PSYCHOACTIVE TRIGGERS AS A STIMULUS BATTERY FOR MEASURING LARGE LANGUAGE MODELS (LLMs): A BRIDGE BETWEEN PSYCHOMETRICS, CLINICAL PSYCHOLOGY, AND LLM ENGINEERING
DOI:
https://doi.org/10.69635/mssl.2026.2.1.31Keywords:
LLM Evaluation, Psychometrics, Prompt Sensitivity, Reproducibility, Behavioral Profiling, Clinical Safety, PersonaMatrix, TestPersonaAbstract
Evaluating large language models (LLMs) in psychologically sensitive and human-centered domains faces two persistent challenges. First, conventional benchmarks capture instrumental capabilities but often fail to represent model behavior in open-ended dialogue where emotional context, conflict, ambiguity, and user safety define quality. Second, LLM outputs can be unstable across re-runs and highly sensitive to prompt phrasing, undermining reproducibility and cross-model comparisons [1].
This article introduces an applied framework of psychoactive triggers: standardized textual stimuli designed to evoke systematic shifts in response style, narrative coherence, explanatory stance, empathy calibration, and risk regulation. Psychoactive triggers are treated as an analogue of psychometric items adapted to LLMs: each trigger carries a controlled psychological load (e.g., threat, shame, guilt, control, intimacy, autonomy), allowing measurement of stable behavioral patterns rather than binary correctness. The framework is illustrated using the PersonaMatrix ecosystem, where trigger batteries are applied in multiple measurement waves.
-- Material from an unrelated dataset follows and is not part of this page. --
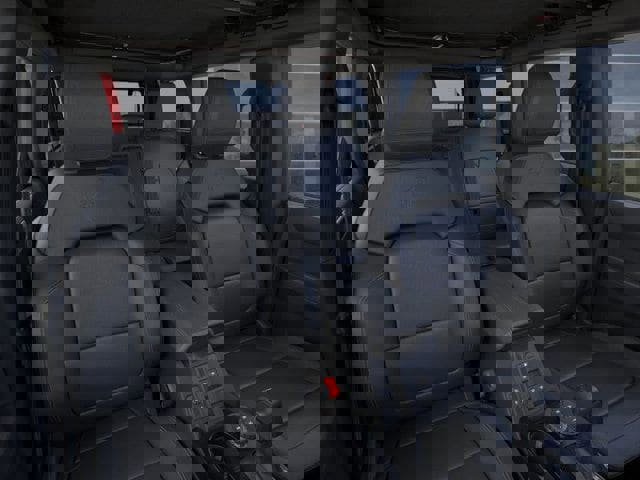 New 2026 Ford Bronco Badlands image 43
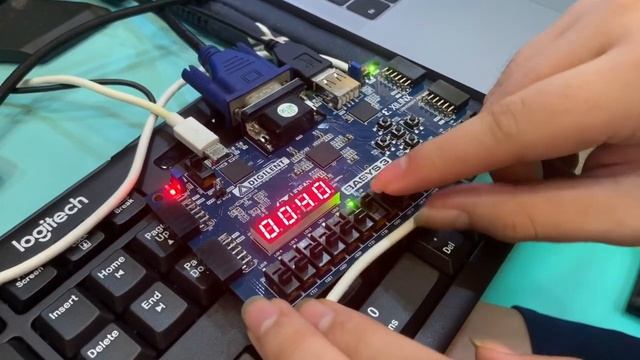 Pong game | Final Project смотреть онлайн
A four-class metric taxonomy is proposed, with this paper focusing on Class I metrics—reproducibility and stability (RSI/IDS/RCS)—using a single PersonaMatrix test, “What Is My Character Type?” (TestPersona). Written at the intersection of LLM research and clinical psychology, the article provides clinical rationale and ethical constraints for safe deployment of psychologically loaded evaluations.